Featured in galleries across Canada, the Newfoundland-based artist won international acclaim for imbuing household artifacts with striking, if at times unsettling, realism.

And in the wake of her death Tuesday at the age of 83, curators say Pratt’s still-life paintings will enshrine her singular, subversively feminist point of view in the art world and beyond.

“She has changed the way that we view our lives outside the gallery space,” said Mireille Eagan, curator of contemporary art at The Rooms art gallery in Pratt’s hometown of St. John’s.

“As we are preparing a meal, as we are wandering through a living room and we see light throughout a vase, we will be reminded to stop and to cherish both the sadness and the beauty of that experience.”

Born Mary West in Fredericton in 1935, Pratt studied at Mount Allison University in Sackville, N.B., under Alex Colville and Lawren Harris, the son of the famed Group of Seven Painter.

She married fellow student Christopher Pratt in 1957 and moved with him to rural Newfoundland in 1963. As her husband’s reputation as an artist grew, Mary Pratt raised her growing family in between brushstrokes.

As she tended her household chores, Pratt would feel an “erotic charge” of inspiration to document these daily rituals with a camera, said Eagan.

Projecting the image on to a canvas, she would render the tableau with obsessive attention to light and colour, suffusing it with the joys and disappointments of being a wife and mother.

In the mid-1970s, Pratt suffered the devastating loss of twins at birth, her children said in a statement. She also dealt with the turmoil of an “intense and complex marriage,” the children said, and the couple eventually split, although they reconciled later in life.

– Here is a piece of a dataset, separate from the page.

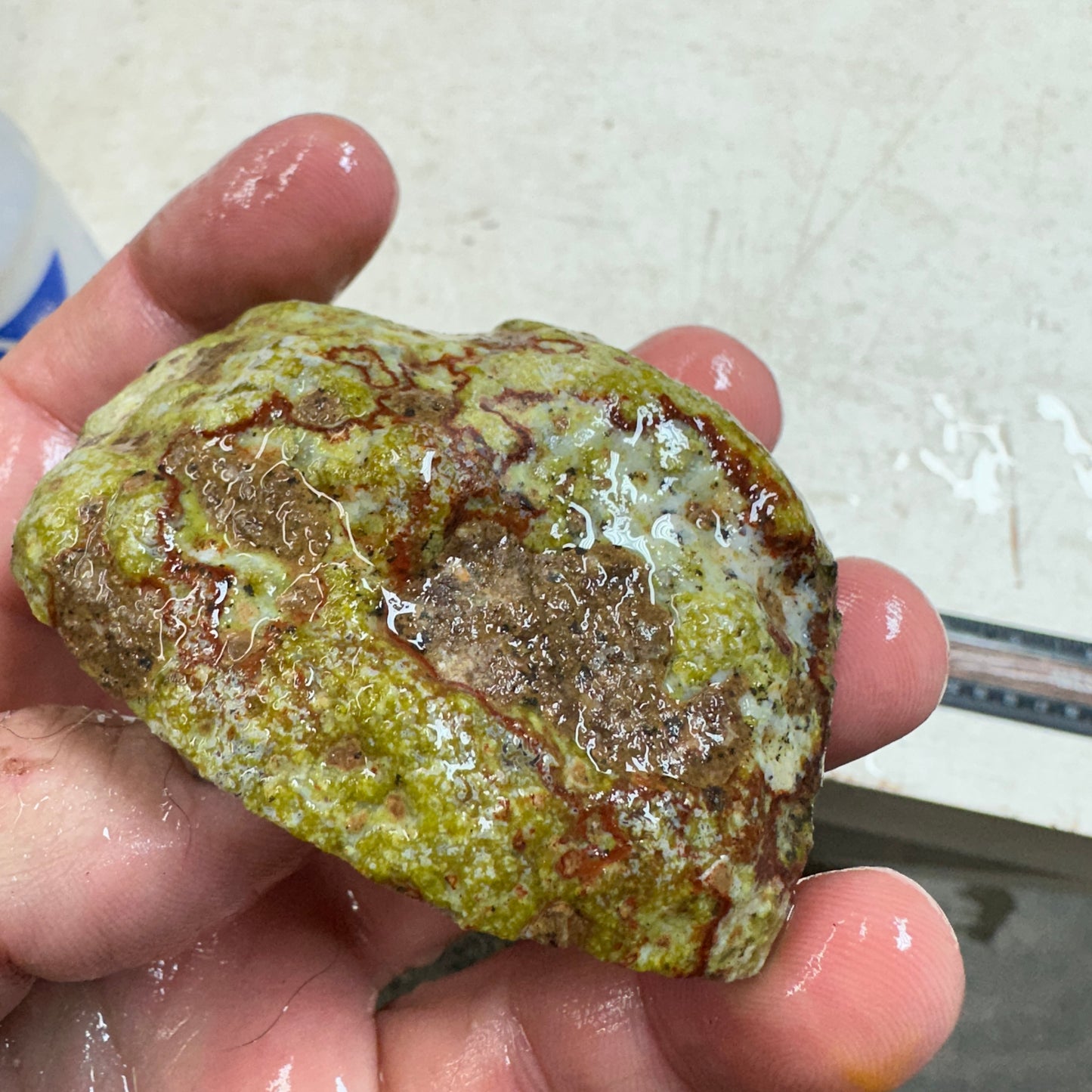 AGUA NUEVA AGATE Rough - 0.45 Pounds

“Her ultimate impact is that she showed us the beauty and the sadness of our daily lives,” Eagen said, her voice cracking with emotion. “The impact of the artwork, long after she has passed, will resonate with people because of that.”

With her depictions of domesticity, Eagen said Pratt was also sending a subdued political message about the prescribed roles for women in the home and in art.

Jonathan Shaughnessy, a curator at the National Gallery of Canada, said in the past, a critical bias against supposed feminine fixations meant that Pratt was not always given due recognition. But the cultural consensus has since shifted, he said, in no small part thanks to Pratt’s perseverance.

“She brought these subjects into the foreground of art,” said Shaughnessy. “That’s why she should be recognized, even if it’s also the reason she hasn’t been as recognized as she could have been.”

Among her litany of artistic achievements, Pratt’s children said she was most proud of being named a Companion of the Order of Canada in 1996 and her role in establishing The Rooms.

In a 2015 interview, Pratt told Shaughnessy that she has received letters from homemakers who felt forgotten, but said her paintings gave them encouragement to persist with their domestic duties.

“It made them feel a little more like heroes than they had thought before,” Pratt said.

Everyday objects contain “many little tiny truths,” said Pratt. As her brush sculpted out cracks and crevices and found the hidden hues, she said didn’t paint her subject; she made it.

Her art was not autobiographical, she said, but a way to possess “little gems of reality” forever.

“I think with my work, even things that are ordinary, are not ordinary,” she said. “I think everything is complex and worthy of … a closer look.”